Ironically, the latest MUA dispute in Melbourne – against Victoria International Container Terminals (VICT), a fully automated terminal and ICTSI Group company – was initiated in early February just a few days before DP World announced that it had successfully concluded negotiations with the MUA for four new Enterprise Agreements for its terminals in Melbourne, Sydney, Brisbane and Fremantle. Settling this latter dispute was, however, by no means straightforward as the time taken to reach an agreement underlines; around two and a half years!


With the round of industrial actions, including stoppages, the MUA implemented in Melbourne in the latter half of 2020, directed against terminal operators DP World and Patrick, the union came in for significant criticism over the staging of stoppages, in particular when supply chains were under pressure as a result of the Pandemic.
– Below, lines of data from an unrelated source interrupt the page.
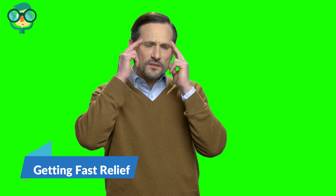Rub your temples firmly with your fingers to release tense muscles. Temple pain is sometimes the result of tense muscles in your neck and head. Use the index and middle fingers on each hand and rub your temples in a circular motion. Apply firm pressure, but don't press hard. This motion can release tense muscles and help with the pain.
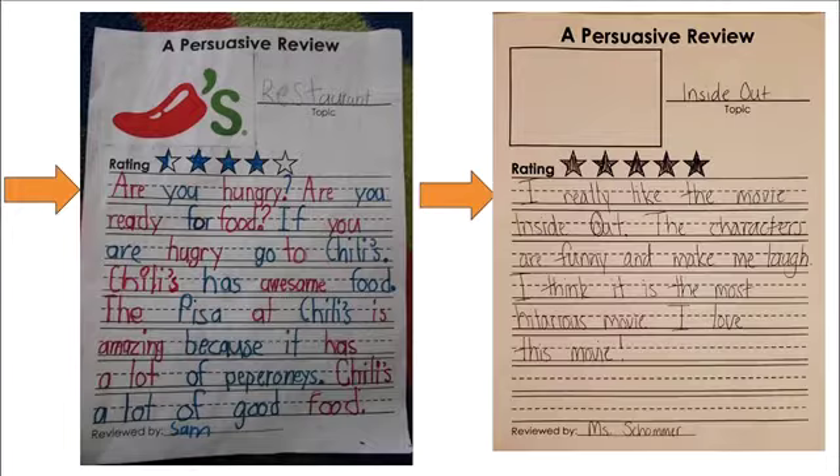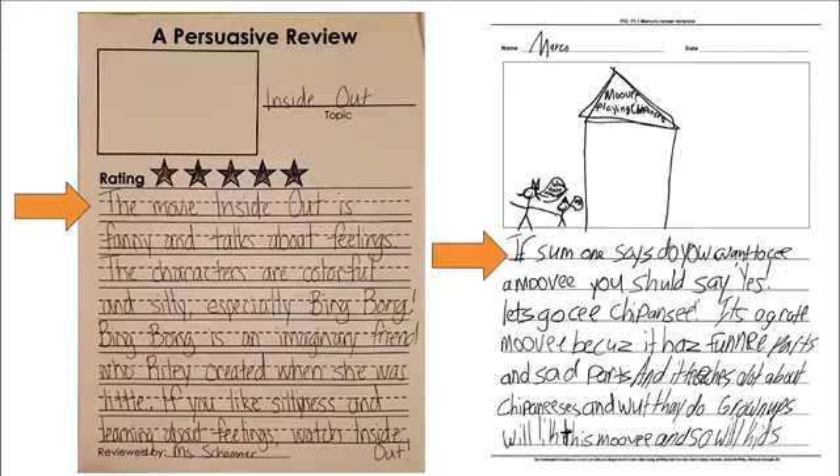Here's another one. This is a persuasive review about the movie Inside Out, given five stars. 'I really like the movie Inside Out. The characters are funny and make me laugh. I think it is the most hilarious movie. I love this movie.' The author of this review started by giving their opinion that they really like the movie Inside Out. The author also went back and added more details: 'The movie Inside Out is funny and talks about feelings. The characters are colorful and silly, especially Bing Bong. Bing Bong is an imaginary friend who Riley created when she was little. If you like silliness and learning about feelings, watch Inside Out.' She added her opinion, explained why, and gave specific examples.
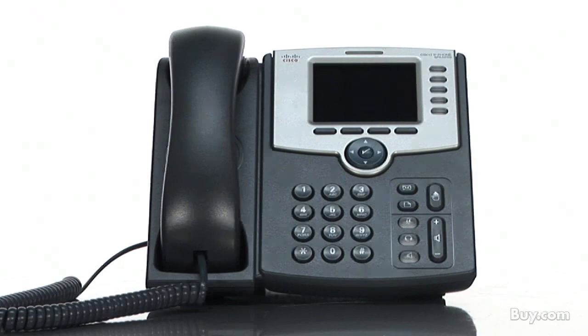Hi there, I'm John Sohm with Cisco Small Business. Thanks for joining me as I provide an overview of the Cisco SPA 525G IP phone.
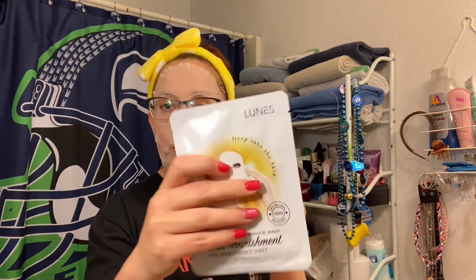Luna's Deep Into The Skin Gold Essence Mask — skin nourishment face mask essence sheet. This highly concentrated essence mask makes skin tone brighter with colloidal gold and hamamelis virginia — witch hazel extract — and beta glucan, which provide a calming and soothing effect to skin. That's cool — more masks to go in the collection.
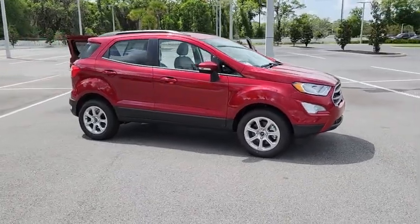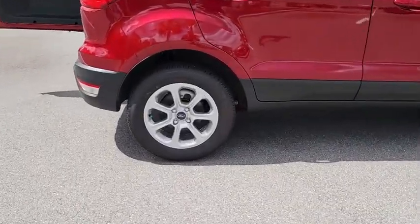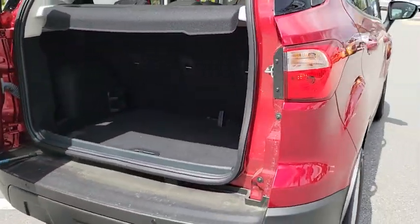Make a great choice today with the 2020 Ford EcoSport. The Ford EcoSport has an upgraded interior that provides you all the features you could ever want. It also offers you the functionality of an SUV, but in a size where you feel in control.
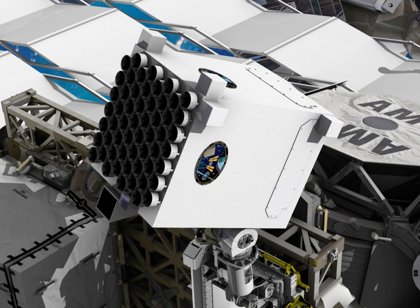In May 2018, NICER discovered an X-ray pulsar in the fastest stellar orbit yet discovered. The pulsar and its companion star were found to orbit each other every 38 minutes.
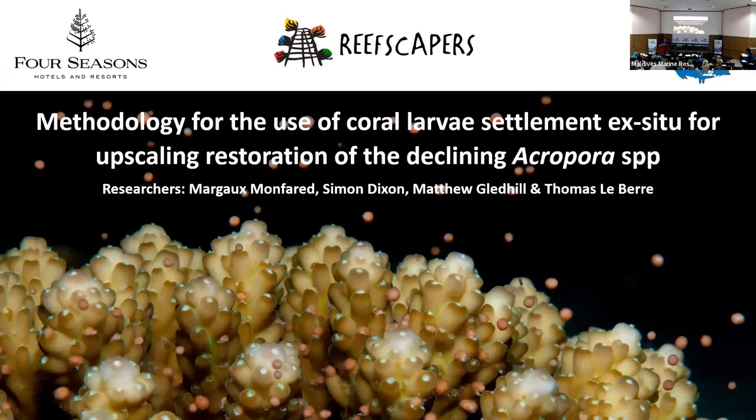Thank you very much for the opportunity to be here today to present the work of Reefscapers, and specifically our methodology for the use of coral larval settlement ex situ for upscaling restoration of declining Acropora species here in the Maldives.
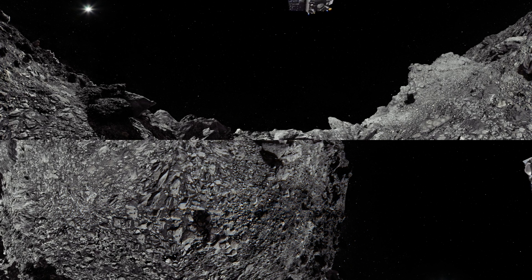A couple days later, the spacecraft will image the inside of the sample collector head to verify that material was in fact collected. The sample will be delivered to Earth in September 2023.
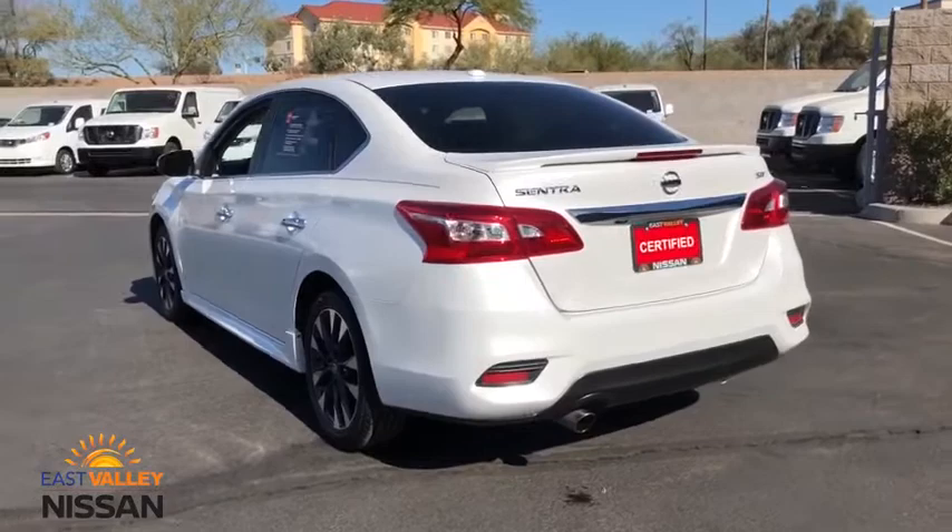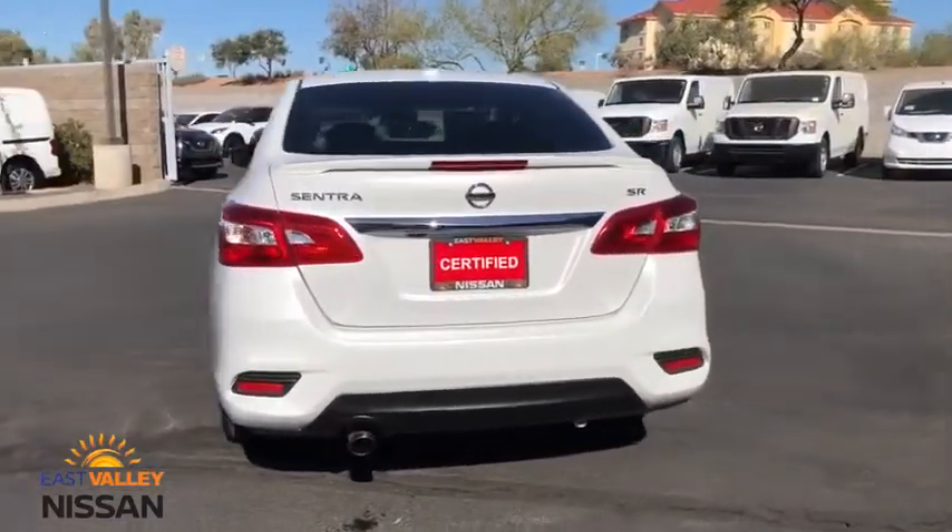This vehicle has less than 20,000 miles. Here are some of this vehicle's great options.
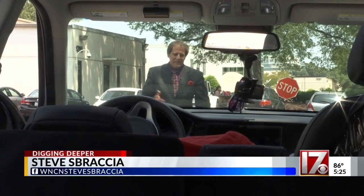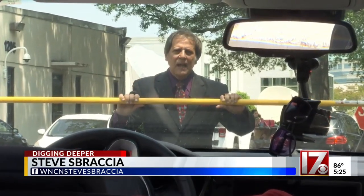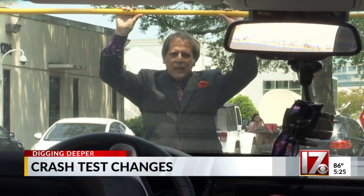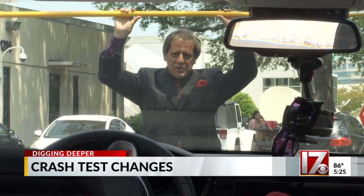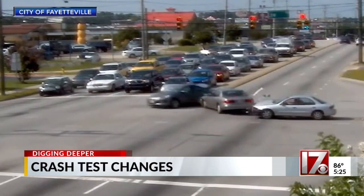For over two decades, the Insurance Institute has conducted crash tests where the bar was pretty much set right here. Now it's upping the bar when it comes to side impact crashes. The side impact, or T-bone crash, is most common at intersections. It's very dangerous because there's very little room in the side of the vehicle to have any kind of energy absorption in the crash.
It was widely seen as an opportunistic move designed to capitalise on an already difficult situation. The same feelings prevail with the latest union action, albeit that the MUA has attempted to avoid the ‘landmines’ it trod on previously.

The MUA has announced that that any containers carrying medicines, medical supplies or urgent medical equipment will be exempt from the dispute coverage. Similarly, it has declared that refrigerated containers will be exempt ensuring foodstuffs, perishable goods and agricultural exports were not negatively impacted.

How this will work in practice, is the focus of some scepticism. It has, however, not, at the time of writing, been put to the test with the Fair Work Commission suspending the action early on as a result of submissions made by VICT highlighting the risk of economic harm and other serious negative impacts.

A mid-March hearing has been scheduled and up until this time no industrial action will be undertaken. The Victorian Transport Association is one prominent body that believes the MUA action in conjunction with VICT is a calculated one and as such labels it fundamentally “opportunistic and irresponsible.” Equally critical, the shipowner industry body Shipping Australia identifies the MUA statements on cargo exemptions as cynical PR.


The official line from the MUA is that all the recent disputes are focused on Enterprise Agreements – and they are, but this is not to say that there are no other wider objectives. The first point to factor in is that the MUA is a very left leaning organisation – entities that at one time or another have given support to the MUA include the Socialist Alliance, Solidarity, Socialist Alternative and the Communist Party of Australia as well as the Australian Labour Party and the Greens.

This strong political colouring is an influential driver in the union’s engagement with employers and it is fair to say it is a divisive factor. It also goes some way to explaining the MUA’s resistance to change or as some put it, “unwillingness to move with the times.” With Australian port sector employer’ negotiations the MUA has repeatedly resisted change to the extent that it can even attempt to wind the clock back.

Tim Vancampen, CEO, VICT, as part of a written statement formulated in response to the MUA action, highlights the MUA demands as unviable, the proposed strike action as certain to damage the economy and the demands overall a serious attempt to steer the waterfront back into the past.

He underlines that “…by ignoring the efficiencies of automation and hobbling VICT with outdated ways of working and inapplicable wages and benefits,” it effectively signals a return to the ‘old ways’.

Tellingly, he adds: “As the first automated terminal in Australia we never expected to be popular with traditional waterside unions but we couldn’t have anticipated such unrealistic demands. We’ve been in negotiations for months however the MUA is unwilling to consider reasonable differences in VICT’s operation.”

The MUA consistently fields an aggressive approach and one where history shows reaching a conclusion on Enterprise Agreements is invariably a torturous business typically commencing with unrealistic demands and highly likely to involve industrial action.

It has to be said that this conflict based approach seems more appropriate for the 19th Century than today’s world especially in the midst of a Pandemic!